#### [Material provided]
+ + + +

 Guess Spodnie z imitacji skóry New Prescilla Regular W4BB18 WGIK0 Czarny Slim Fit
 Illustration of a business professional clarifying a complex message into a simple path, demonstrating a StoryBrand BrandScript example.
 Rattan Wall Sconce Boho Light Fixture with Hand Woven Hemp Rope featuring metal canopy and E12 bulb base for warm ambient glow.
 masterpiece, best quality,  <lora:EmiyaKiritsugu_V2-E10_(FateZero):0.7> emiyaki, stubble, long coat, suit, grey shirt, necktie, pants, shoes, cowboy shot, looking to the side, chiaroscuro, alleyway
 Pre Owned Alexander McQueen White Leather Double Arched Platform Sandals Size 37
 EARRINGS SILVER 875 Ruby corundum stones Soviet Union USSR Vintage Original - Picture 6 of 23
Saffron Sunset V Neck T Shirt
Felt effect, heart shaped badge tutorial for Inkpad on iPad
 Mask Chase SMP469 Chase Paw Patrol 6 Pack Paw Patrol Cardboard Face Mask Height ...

+ + + +

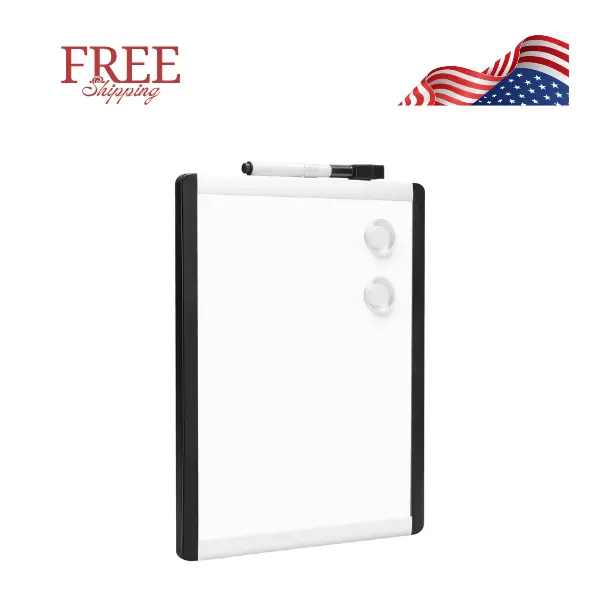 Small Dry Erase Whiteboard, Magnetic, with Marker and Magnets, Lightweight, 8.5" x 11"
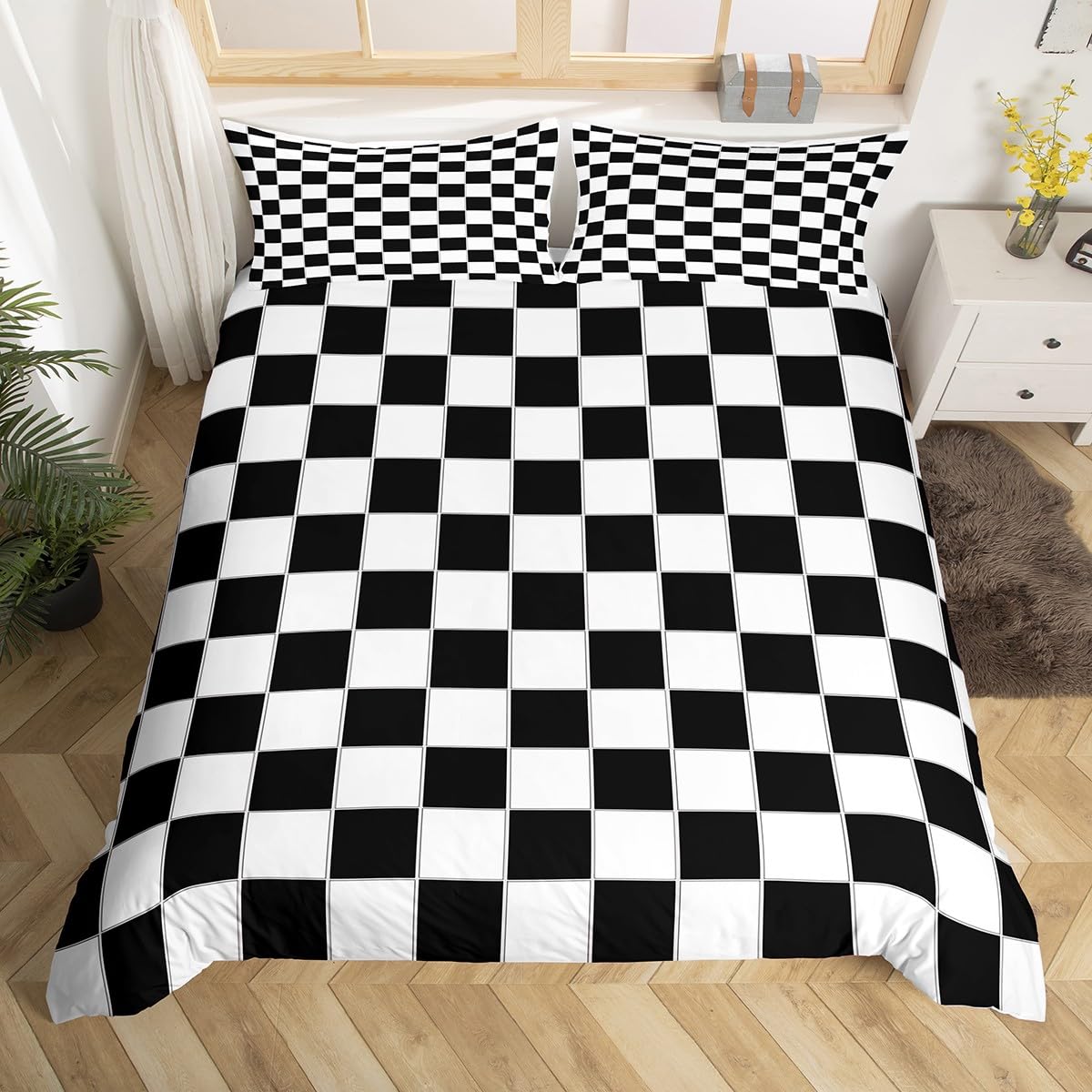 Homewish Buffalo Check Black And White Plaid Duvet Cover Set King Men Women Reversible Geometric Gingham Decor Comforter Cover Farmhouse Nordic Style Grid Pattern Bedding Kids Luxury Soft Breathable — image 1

+ + + +

#### [Activity]
Exactly the lines starting at the one above with "Small Dry Erase" and ending at the one with "Homewish Buffalo Check" should be printed, and nothing else. Omit the pictures.

#### [Answer to this exercise]
 Small Dry Erase Whiteboard, Magnetic, with Marker and Magnets, Lightweight, 8.5" x 11"
 Homewish Buffalo Check Black And White Plaid Duvet Cover Set King Men Women Reversible Geometric Gingham Decor Comforter Cover Farmhouse Nordic Style Grid Pattern Bedding Kids Luxury Soft Breathable — image 1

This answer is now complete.